The Hipster Handbook
- Cover of first Anchor Books edition (paperback)
- Author: Robert Lanham
- Language: English
- Genre: Humor
- Publisher: Anchor Books (a division of Random House
- Publication date: 2003
- Publication place: United States
- Media type: paperback (first edition)
- Pages: 169 pp (first edition paperback)
- ISBN: 1-4000-3201-6 (first edition paperback)
- OCLC: 50554281
- Dewey Decimal: 818/.602 21
- LC Class: PN6165 .L36 2003

= The Hipster Handbook =

2003 book by Robert Lanham

The Hipster Handbook (2003) is a satirical guide to hipster culture by Williamsburg, Brooklyn author Robert Lanham.
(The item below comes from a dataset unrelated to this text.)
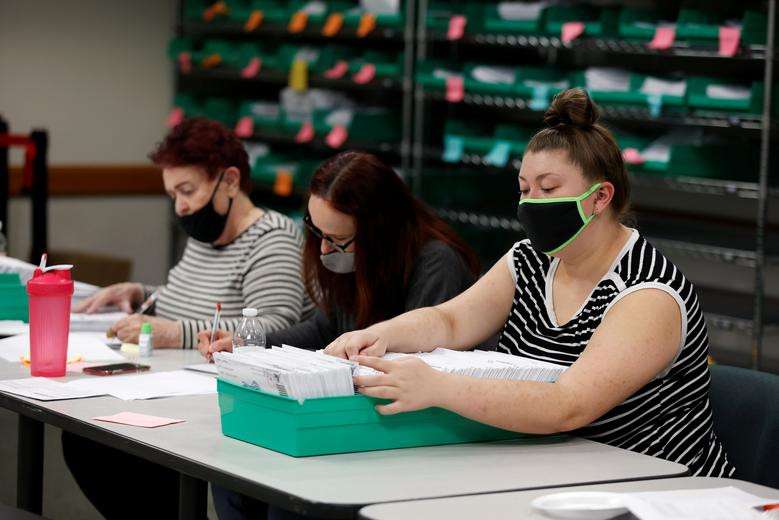 Những lá phiếu gửi qua thư được kiểm đếm tại hạt Lehigh, bang Pennsylvania, Mỹ.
It includes a lexicon of words such as "deck" which means "cool" and "fin" which means "not so cool", as well as chapters that describe and explain all that which makes up a hipster. A quiz in the back of the book rates readers on their level of hipsterdom, rewarding high scores to those who answer the questions in the manner of art school students and well-cultured, well-dressed, self-proclaimed hyper-intellectuals. Esquire called the book "The Official Preppy Handbook for people who wear Atari T-shirts."

==Critical reception==
Reviews were mixed. Rick Marin, of the New York Times, gave it a favorable review, though he pointed out "much of the hipsterism he sanctions seems pretty mainstream, even if it is being 'appropriated'...Such quibbles, though, won't penetrate the protective pomo coating on Lanham's mirrored shades." Ben McGrath, of Slate, described the book as "so comprehensive and so well-done that only a poseur could criticize it without tongue in cheek." Others have criticized the "veiled hostility" and "aura of trying too hard."

A sequel was published in 2004: Food Court Druids, Cherohonkees and Other Creatures Unique to the Republic.